Когда Мариана впервые увидела дом Эстеллы, то была поражена его размерами и великолепием. Ее охватило желание узнать, как могла женщина с ее положением стать обладательницей подобной роскоши. Строение находилось на возвышении, с которого открывался прекрасный вид на море, и имело, среди прочих, то преимущество, что вокруг на определенном расстоянии не было никаких других построек. К дому, покрытому тростниковой крышей, была пристроена веранда в американском стиле, окрашенная в белый цвет, а окна закрывали большие зеленые ставни, позволяющие сохранять прохладу в летнее время. Мариана никогда не думала, что странствующий любовник Эстеллы может оказаться таким богатым.
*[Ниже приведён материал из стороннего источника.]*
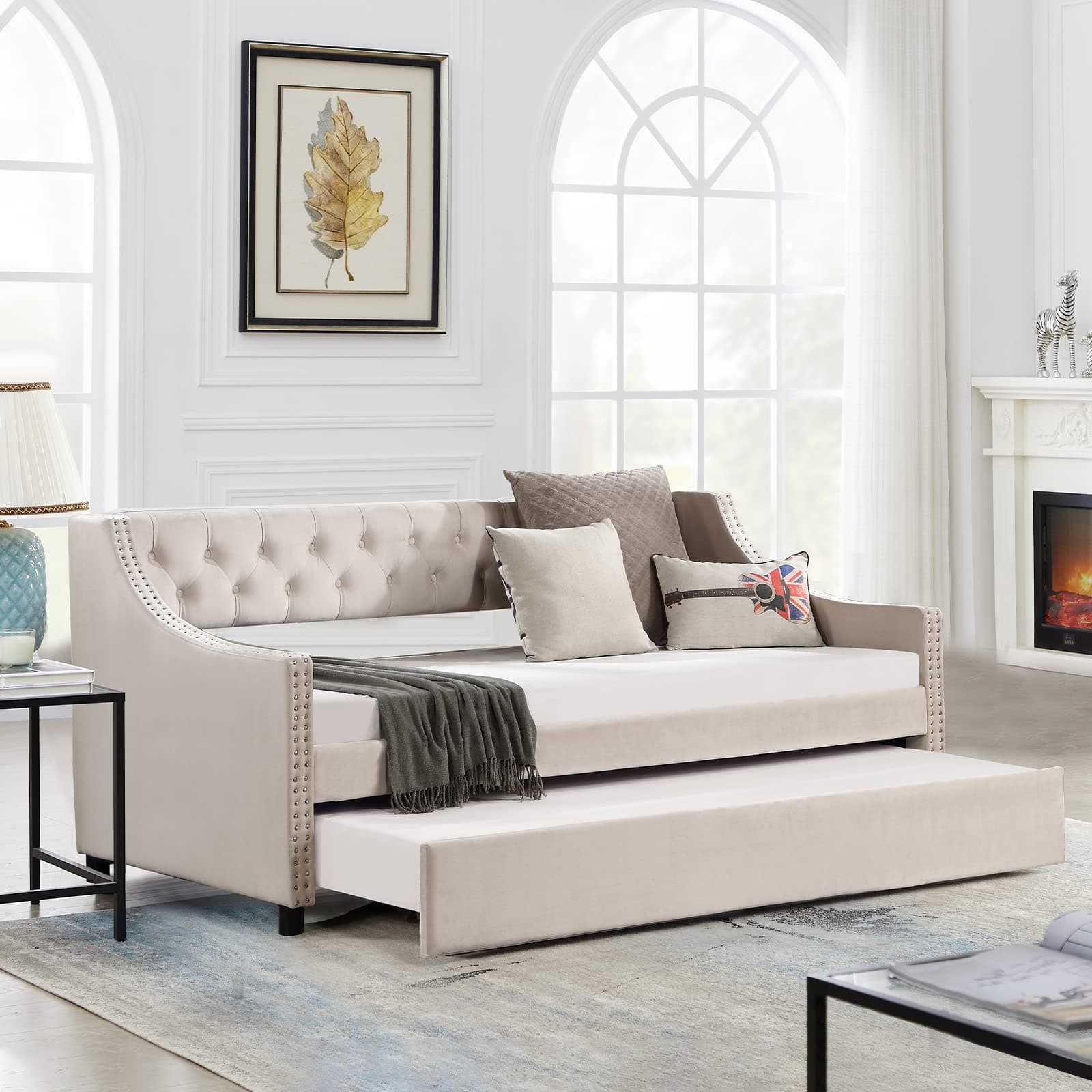 Beige Tufted Button Twin Daybed with Trundle, Modern Upholstered Velvet Sofa Bed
Она логично предполагала, что он уроженец того же мира, что и ее бывшая служанка, но, как выяснилось, ошибалась.

Дверь оказалась открытой, и Мариана могла слышать пение Эстеллы и радостное гуканье малыша. Она вспомнила злобные комментарии Гертруды насчет обезьяны и удовлетворенно улыбнулась. Совершенно точно, что такие звуки обезьянка издавать никак не могла. Она немного помедлила, прежде чем позвать Эстеллу, поскольку заметила свидетельство присутствия в доме мужчины. На спинке кресла, стоявшего на веранде, висела мужская рубашка, а у двери стояла пара мокасин. Ладно, подумала она, если он здесь, я смогу с ним познакомиться. Поэтому она крикнула: «Эстелла!» – и стала ждать.

Эстелла мгновенно узнала этот голос и застыла, охваченная паникой. Рамон находился в Англии, но его вещи были разбросаны по всему дому. Прежде чем ответить, она попыталась припомнить, что именно из вещей Рамона здесь было и какие из них могут его выдать. Наконец она положила Рамонсито в кроватку и вышла в коридор к двери, где стояла Мариана, с любопытством ожидающая возможности осмотреть дом.

– Сеньора Мариана, какой сюрприз, – произнесла Эстелла, стараясь скрыть предательскую дрожь в голосе. – Давайте побеседуем на воздухе, здесь очень жарко, – сказала она, провожая свою бывшую работодательницу на веранду. Мариана была разочарована. Она хотела бы осмотреть дом, но ее хорошие манеры не позволяли напрашиваться на экскурсию.

– Извини, что я появилась без предупреждения. Ты одна? – спросила она.

Эстелла заметила, что ее взгляд остановился на паре обуви, стоявшей у двери.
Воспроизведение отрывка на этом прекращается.